If there is one agenda item for Latinas in the US business community that is poised to make a true difference for our role in the US economy, it is to make a dramatic push to ensure the diversity of the corporate board rooms includes us. This means that we need to have 275 Latinas and Latinos on corporate boards by 2015. And, the same number needs to be added in 2016 and 2017 in order to increase the number of Latinos on Boards to match our representation in the US.
The path forward is two-fold. First, there are currently 1000 corporate board members in the Fortune 500 who are aged 70 or older. There will be a transfer of leadership in the Fortune 500 during the next few years that represents a significant opportunity for Latinas and Latinos to participate in the leadership of those companies, many of which are now targeting and profiting from our community the most. It’s no surprise: our purchasing power is now $1.2T and 86% of Latinas surveyed by Nielsen say women in their household make the primary purchasing decisions. Latina bloggers, with savvy social media skills, are actively engaged in promoting products ranging from skin care to infant toys. But the idea of simply targeting the Latina consumer without fully integrating us into the leadership of the Fortune 500 cannot continue. The Latino community must advocate now to diversify corporate boards.

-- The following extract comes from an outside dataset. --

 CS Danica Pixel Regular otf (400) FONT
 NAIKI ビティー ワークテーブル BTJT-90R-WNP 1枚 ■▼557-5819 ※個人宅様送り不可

Second, we must address the myth that there are too few qualified candidates. While standards for board membership vary from company to company, many are chosen to serve on boards primarily because of their access to other Board members. The call to serve on a board most likely takes place in a tight network of referrals among trusted advisors. In order to recruit Latinas to a Board, the Board chair must step outside his inner circle and be willing to look for us in different settings. Many Latinas have had anything but a traditional career. Knowledgeable, innovative, and financially savvy Latinas are likely to run their own businesses, serve in government, or be members of academic community at the nation’s best colleges and universities. We use our leadership skills to run nonprofit boards, regional commissions, or councils. The idea that there are no qualified candidates is simply not true.
I call upon the Latinas and Latinos who are part of professional associations and digital communities to claim this goal of seating 275 Latinos and Latinas for 2014. The time is now. Take a moment to scan your membership and look for those who have an interest in serving on a Corporate Board. Raise your hand to be counted and let’s add our names to the list. Let there be no excuse that we cannot be found. I’m raising my hand. I’m leaning in. Lean in with me.